> Work to be completed:
Take the material below and output exactly the run of lines from the one containing "Bride with wedding" down to the one containing "Woman in a green", with both included.

--- --- ---

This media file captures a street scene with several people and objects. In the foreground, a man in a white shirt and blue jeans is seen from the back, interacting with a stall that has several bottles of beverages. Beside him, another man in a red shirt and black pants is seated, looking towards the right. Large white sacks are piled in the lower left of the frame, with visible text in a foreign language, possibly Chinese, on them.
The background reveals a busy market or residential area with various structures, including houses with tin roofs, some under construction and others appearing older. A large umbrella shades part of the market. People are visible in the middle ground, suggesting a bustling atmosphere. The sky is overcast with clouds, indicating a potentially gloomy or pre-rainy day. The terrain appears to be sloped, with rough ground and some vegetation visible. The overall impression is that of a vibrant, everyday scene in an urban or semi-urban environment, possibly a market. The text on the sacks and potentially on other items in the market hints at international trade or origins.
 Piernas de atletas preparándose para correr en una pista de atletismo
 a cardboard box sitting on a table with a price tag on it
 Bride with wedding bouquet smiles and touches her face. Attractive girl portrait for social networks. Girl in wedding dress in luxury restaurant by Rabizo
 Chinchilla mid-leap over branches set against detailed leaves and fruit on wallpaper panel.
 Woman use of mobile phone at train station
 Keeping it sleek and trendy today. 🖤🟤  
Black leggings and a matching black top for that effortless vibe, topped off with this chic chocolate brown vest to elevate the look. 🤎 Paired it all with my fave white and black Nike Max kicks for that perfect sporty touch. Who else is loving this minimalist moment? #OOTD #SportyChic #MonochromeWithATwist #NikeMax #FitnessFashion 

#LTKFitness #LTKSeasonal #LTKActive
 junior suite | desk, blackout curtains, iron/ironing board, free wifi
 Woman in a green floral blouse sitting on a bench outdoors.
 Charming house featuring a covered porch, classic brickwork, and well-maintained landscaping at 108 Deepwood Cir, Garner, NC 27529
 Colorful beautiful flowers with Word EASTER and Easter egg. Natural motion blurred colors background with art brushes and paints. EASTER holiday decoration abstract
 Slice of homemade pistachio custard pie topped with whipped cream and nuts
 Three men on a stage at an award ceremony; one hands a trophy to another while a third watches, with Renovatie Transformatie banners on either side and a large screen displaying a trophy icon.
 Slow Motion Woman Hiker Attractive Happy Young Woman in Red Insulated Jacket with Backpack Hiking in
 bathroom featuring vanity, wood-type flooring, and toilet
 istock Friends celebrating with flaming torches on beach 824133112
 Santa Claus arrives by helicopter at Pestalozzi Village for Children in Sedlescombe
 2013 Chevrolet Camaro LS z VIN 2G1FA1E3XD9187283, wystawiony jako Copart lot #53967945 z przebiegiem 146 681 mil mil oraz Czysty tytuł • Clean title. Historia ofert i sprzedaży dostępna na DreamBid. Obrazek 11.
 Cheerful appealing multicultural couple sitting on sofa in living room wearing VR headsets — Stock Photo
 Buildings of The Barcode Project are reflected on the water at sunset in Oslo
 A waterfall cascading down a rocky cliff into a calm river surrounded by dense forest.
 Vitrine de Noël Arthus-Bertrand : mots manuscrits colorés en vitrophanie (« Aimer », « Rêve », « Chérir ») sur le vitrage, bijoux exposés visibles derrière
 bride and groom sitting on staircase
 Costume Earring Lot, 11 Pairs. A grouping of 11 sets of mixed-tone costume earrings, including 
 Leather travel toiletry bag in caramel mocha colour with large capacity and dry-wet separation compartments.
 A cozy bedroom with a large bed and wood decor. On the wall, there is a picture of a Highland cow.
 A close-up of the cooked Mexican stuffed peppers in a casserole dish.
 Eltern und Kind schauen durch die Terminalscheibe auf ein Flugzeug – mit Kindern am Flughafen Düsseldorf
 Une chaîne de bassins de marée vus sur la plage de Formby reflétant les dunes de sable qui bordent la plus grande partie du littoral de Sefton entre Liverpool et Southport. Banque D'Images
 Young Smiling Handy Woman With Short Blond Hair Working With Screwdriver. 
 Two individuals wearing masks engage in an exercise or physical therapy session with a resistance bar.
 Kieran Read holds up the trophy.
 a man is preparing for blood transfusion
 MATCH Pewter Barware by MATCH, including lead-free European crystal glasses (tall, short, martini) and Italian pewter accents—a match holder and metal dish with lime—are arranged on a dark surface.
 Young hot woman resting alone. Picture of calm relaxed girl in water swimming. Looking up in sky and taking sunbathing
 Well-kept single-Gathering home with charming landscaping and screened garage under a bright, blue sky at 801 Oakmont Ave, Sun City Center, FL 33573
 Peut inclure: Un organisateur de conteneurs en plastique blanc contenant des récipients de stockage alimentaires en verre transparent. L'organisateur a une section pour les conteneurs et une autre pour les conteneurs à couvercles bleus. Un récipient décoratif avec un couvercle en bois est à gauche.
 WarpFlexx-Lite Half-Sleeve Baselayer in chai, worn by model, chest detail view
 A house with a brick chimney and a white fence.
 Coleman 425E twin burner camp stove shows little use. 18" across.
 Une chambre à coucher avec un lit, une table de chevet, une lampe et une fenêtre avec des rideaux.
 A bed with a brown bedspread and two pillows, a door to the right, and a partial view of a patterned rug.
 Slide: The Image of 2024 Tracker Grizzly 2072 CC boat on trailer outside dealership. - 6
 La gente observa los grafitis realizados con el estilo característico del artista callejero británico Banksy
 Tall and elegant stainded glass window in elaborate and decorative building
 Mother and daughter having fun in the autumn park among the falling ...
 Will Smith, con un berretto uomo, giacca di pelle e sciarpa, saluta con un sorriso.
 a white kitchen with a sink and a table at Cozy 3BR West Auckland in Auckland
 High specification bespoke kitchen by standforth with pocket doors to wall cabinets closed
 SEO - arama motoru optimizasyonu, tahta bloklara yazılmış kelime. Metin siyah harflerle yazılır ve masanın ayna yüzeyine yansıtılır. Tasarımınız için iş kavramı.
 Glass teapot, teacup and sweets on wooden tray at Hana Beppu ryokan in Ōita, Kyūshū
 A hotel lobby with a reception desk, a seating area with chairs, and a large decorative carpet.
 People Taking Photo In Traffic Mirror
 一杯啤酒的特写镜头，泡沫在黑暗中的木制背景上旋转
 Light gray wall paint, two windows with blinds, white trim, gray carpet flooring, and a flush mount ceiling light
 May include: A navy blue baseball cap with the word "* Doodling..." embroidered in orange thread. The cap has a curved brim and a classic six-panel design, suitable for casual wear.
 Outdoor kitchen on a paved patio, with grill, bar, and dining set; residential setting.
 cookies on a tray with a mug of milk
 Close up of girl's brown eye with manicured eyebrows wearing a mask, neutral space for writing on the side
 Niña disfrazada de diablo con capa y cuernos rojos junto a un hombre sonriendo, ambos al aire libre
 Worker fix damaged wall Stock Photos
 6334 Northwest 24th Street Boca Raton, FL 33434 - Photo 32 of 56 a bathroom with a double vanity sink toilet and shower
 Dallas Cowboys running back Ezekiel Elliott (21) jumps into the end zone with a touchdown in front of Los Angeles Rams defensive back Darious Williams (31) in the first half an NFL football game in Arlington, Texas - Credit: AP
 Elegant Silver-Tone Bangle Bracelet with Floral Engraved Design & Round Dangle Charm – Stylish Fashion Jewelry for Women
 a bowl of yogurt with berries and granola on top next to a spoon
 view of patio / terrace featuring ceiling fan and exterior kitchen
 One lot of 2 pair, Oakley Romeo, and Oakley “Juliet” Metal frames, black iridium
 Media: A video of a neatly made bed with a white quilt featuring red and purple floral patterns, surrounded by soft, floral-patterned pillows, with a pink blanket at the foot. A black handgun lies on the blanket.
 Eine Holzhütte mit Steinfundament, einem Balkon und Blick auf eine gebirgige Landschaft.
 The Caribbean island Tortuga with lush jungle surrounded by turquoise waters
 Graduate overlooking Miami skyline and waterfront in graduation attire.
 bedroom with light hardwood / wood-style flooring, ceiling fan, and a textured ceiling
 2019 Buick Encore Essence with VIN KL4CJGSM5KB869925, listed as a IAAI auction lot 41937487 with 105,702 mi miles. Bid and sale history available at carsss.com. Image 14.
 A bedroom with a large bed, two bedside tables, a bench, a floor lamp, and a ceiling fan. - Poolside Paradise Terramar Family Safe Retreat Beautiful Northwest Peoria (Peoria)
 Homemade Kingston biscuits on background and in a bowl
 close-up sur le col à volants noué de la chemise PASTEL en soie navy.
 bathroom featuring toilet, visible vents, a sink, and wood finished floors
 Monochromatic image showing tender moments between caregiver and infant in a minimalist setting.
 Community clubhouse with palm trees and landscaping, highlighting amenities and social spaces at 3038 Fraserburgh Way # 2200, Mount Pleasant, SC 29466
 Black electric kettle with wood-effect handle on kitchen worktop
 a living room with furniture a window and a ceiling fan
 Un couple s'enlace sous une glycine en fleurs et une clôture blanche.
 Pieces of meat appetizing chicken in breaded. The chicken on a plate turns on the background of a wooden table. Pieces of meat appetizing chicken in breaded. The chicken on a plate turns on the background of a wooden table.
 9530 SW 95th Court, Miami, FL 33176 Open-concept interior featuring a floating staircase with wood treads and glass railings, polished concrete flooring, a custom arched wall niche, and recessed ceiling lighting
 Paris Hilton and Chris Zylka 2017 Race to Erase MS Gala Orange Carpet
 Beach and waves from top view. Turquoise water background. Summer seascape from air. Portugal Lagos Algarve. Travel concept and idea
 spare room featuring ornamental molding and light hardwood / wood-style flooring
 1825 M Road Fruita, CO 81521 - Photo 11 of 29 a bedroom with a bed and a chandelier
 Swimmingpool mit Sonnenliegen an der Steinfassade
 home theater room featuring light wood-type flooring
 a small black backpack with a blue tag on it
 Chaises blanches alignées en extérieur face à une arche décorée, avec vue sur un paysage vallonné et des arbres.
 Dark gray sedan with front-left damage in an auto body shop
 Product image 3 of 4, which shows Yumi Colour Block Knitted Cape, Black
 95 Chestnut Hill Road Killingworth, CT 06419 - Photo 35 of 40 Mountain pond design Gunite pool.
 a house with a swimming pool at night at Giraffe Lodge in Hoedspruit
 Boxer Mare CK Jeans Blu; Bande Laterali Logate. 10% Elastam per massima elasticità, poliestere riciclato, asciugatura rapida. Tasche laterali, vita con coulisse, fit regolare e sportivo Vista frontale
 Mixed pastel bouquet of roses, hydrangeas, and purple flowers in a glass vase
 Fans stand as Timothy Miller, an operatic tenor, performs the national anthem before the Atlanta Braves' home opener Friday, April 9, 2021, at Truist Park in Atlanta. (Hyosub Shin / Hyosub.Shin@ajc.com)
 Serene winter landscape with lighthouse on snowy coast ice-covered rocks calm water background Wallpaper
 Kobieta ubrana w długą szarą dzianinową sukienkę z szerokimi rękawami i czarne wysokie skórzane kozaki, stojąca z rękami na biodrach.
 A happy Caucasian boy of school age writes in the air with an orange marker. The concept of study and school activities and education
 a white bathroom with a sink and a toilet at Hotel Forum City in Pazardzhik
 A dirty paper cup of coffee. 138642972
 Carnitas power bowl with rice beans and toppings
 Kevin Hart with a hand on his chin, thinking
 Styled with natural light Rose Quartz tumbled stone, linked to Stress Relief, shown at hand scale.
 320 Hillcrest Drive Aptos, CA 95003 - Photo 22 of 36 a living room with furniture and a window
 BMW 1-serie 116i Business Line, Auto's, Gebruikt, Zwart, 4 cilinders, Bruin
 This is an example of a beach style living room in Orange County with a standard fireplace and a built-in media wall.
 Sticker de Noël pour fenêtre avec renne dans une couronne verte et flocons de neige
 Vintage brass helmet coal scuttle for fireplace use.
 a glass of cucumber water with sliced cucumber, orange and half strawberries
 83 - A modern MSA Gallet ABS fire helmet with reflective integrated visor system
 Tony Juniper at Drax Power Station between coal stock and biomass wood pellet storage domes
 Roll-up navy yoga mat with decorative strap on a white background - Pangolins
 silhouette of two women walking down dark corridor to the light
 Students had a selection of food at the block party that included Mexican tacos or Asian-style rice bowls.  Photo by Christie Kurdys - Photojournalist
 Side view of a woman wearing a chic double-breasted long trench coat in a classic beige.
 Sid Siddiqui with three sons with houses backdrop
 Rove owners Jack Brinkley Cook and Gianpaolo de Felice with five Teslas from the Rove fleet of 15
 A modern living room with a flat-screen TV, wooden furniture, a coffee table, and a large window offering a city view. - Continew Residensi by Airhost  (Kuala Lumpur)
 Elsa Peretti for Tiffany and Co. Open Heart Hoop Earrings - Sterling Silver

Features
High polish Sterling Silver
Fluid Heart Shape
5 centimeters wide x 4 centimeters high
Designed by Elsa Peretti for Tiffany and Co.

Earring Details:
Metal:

--- --- ---

> Exercise result:
 Bride with wedding bouquet smiles and touches her face. Attractive girl portrait for social networks. Girl in wedding dress in luxury restaurant by Rabizo
 Chinchilla mid-leap over branches set against detailed leaves and fruit on wallpaper panel.
 Woman use of mobile phone at train station
 Keeping it sleek and trendy today. 🖤🟤  
Black leggings and a matching black top for that effortless vibe, topped off with this chic chocolate brown vest to elevate the look. 🤎 Paired it all with my fave white and black Nike Max kicks for that perfect sporty touch. Who else is loving this minimalist moment? #OOTD #SportyChic #MonochromeWithATwist #NikeMax #FitnessFashion 

#LTKFitness #LTKSeasonal #LTKActive
 junior suite | desk, blackout curtains, iron/ironing board, free wifi
 Woman in a green floral blouse sitting on a bench outdoors.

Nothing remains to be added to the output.